Material for the task »
-*-*-
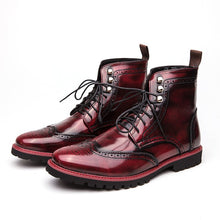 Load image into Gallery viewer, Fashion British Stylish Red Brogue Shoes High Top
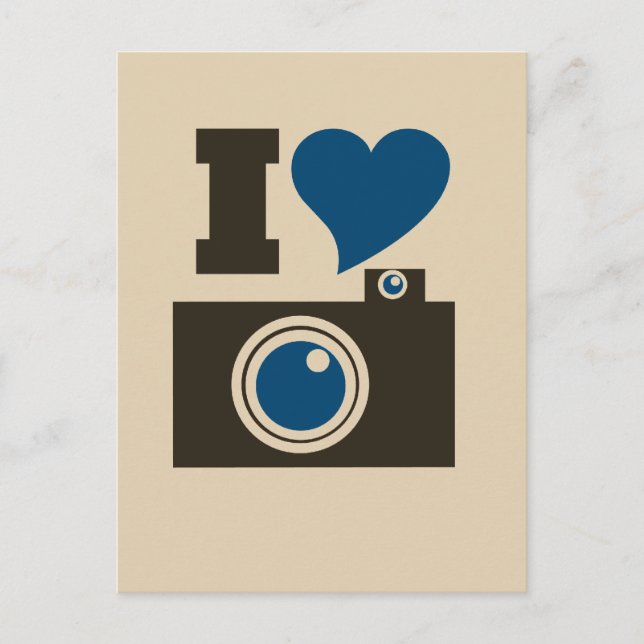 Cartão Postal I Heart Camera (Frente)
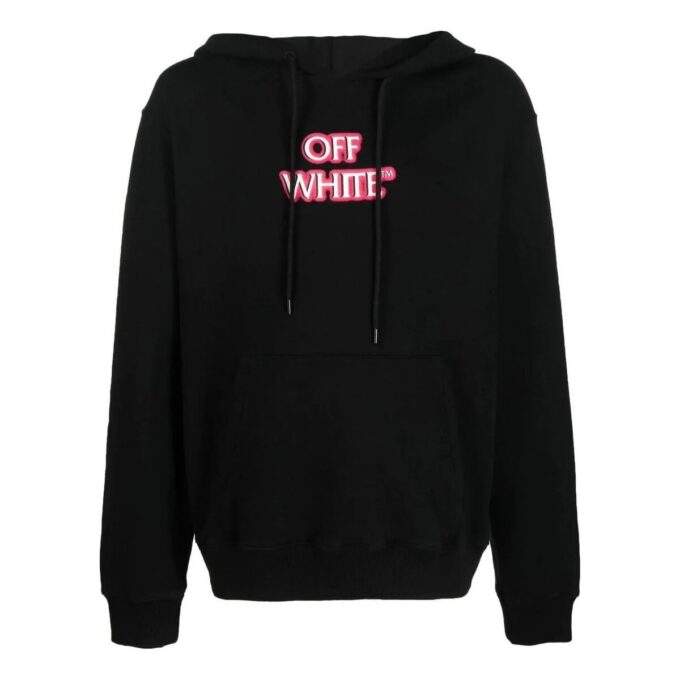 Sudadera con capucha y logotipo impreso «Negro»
-*-*-
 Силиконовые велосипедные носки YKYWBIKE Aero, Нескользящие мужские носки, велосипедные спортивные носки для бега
-*-*-
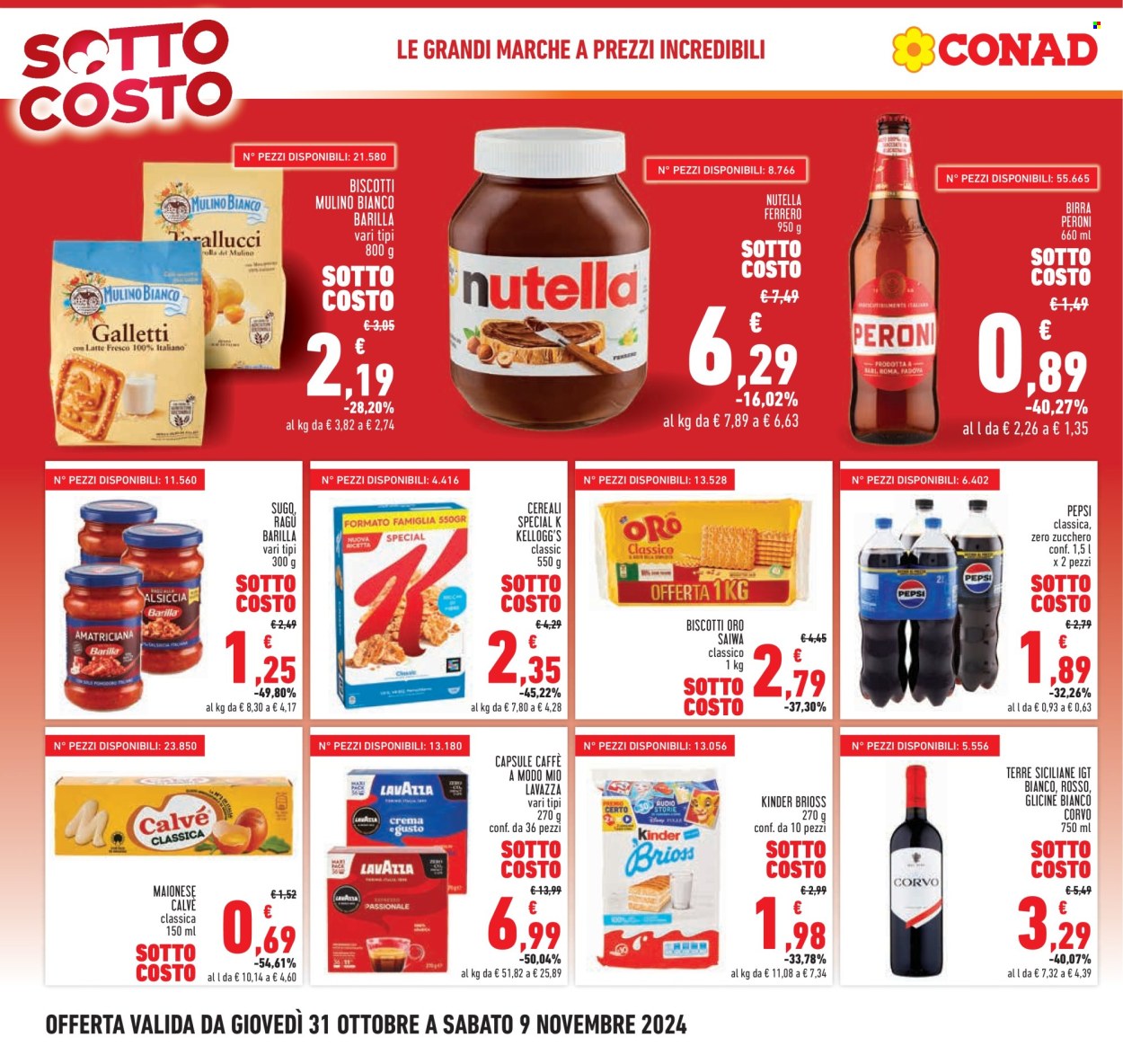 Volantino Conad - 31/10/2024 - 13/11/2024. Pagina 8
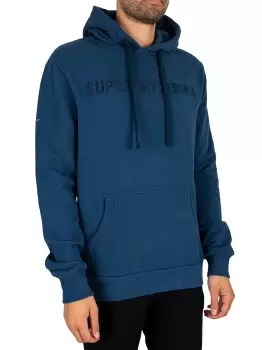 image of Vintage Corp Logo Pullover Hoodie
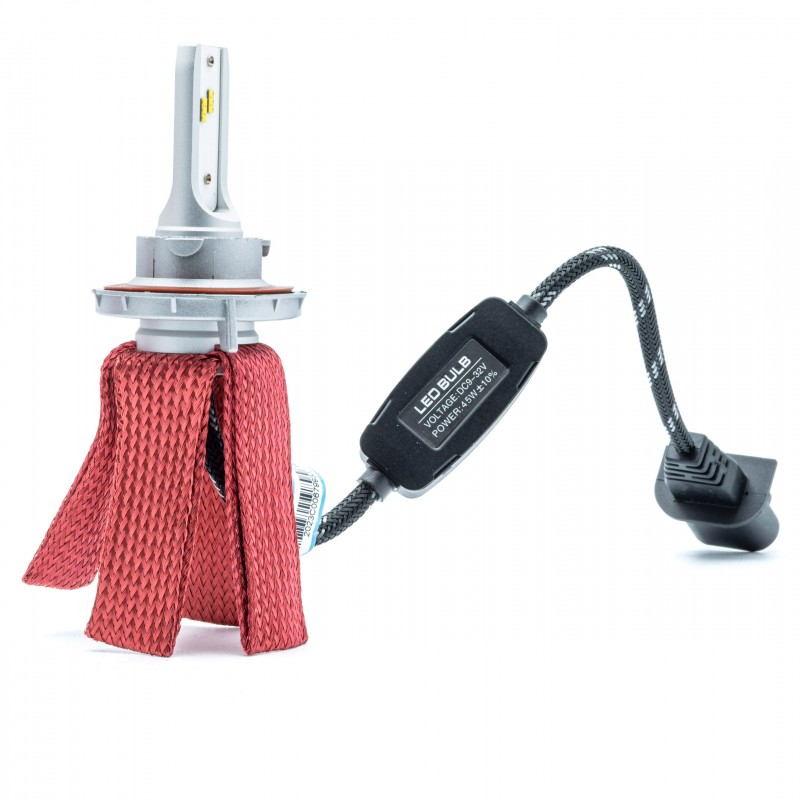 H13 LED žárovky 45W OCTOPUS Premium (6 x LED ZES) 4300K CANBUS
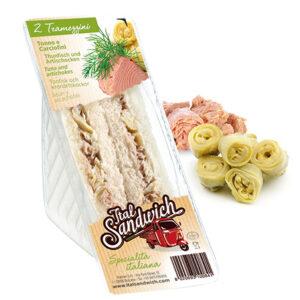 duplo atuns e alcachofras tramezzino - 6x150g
-*-*-
The problem » Give back exactly, and solely, the section of the data above bounded by the line containing "Load image into" and the line containing "Sudadera con capucha", both bounding lines included and pictures omitted.

Output for this exercise »
 Load image into Gallery viewer, Fashion British Stylish Red Brogue Shoes High Top
 Cartão Postal I Heart Camera (Frente)
 Sudadera con capucha y logotipo impreso «Negro»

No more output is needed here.